[At-Large] WHOIS Policy Review Team Final Report

Lutz Donnerhacke lutz at iks-jena.de
Thu May 17 12:45:10 UTC 2012

On Wed, May 16, 2012 at 10:57:21AM -0700, Antony Van Couvering wrote:
> Did the review team look at the relative harm, and likelihood of harm,
> to consumers from spamming vs. the benefits gained by making things
> easier for law enforcement?


> Also, did it consider the difference between correct information and
> the public display of correct information?  One undeniable benefit of
> not publicly displaying private information (e.g., address, phone number)
> is that people are far more likely to provide correct information if
> they're not worried about stalkers and thieves showing up at their
> house, or salesmen calling them during dinner.  If law enforcement
> has a reason to view private information, then it could be provided
> to them.   I think very few people would object to that.

Yes, and I did (and do) object even to the current collection of WHOIS.
I do believe, that WHOIS is illegal at all and should be terminated as soon
as possible: 

You can imagine how this position survived the report generation process.
YOu did read the report ... Compare yourself.

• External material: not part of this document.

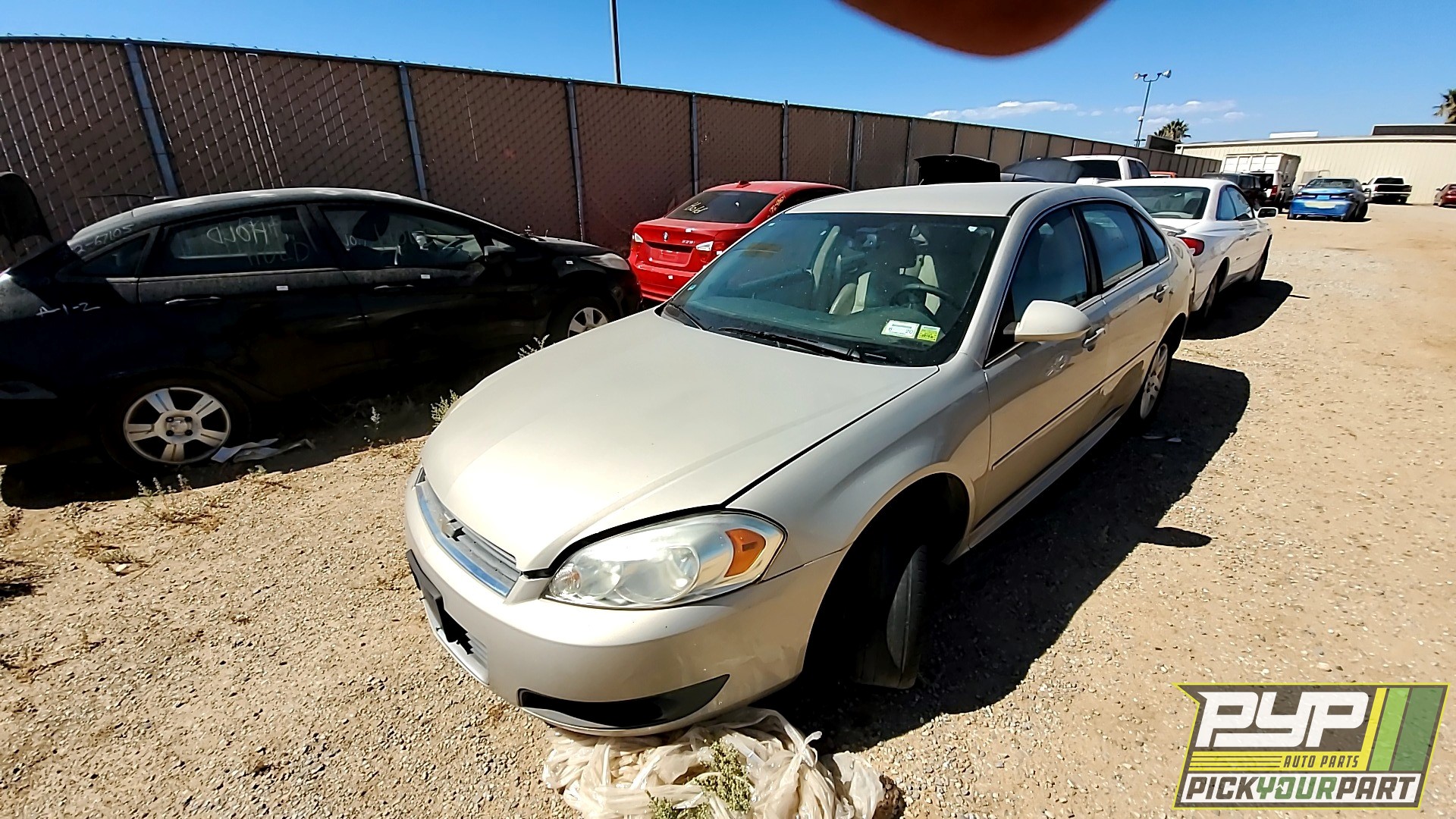 2011 CHEVROLET IMPALA partes disponibles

> I would hope that the At Large community could help facilitate a
> solution that answers to the needs of the affected parties, including
> consumers, rather than provide a blanket endorsement to a plan ...

If AtLarge can't follow me to prohbit WHOIS services, there are several
levels of "improvements" over the current system:
 1) Insist on an ultra thin WHOIS system, which only shows the contractual
    relationships down the reseller chain (starting at whois.iana.org).
    This system would prevent export of private data into different legal
    systems. So the local laws can be used to regulate the access to WHOIS
    at any given place.
 2) Insist on workable privacy services as decribed in the WHOIS RT report.
    Proxy services are for companies which try to hide new trademarks before
    publishing them, so those services are not relevant to the "end user".

Sorry, I'm biased.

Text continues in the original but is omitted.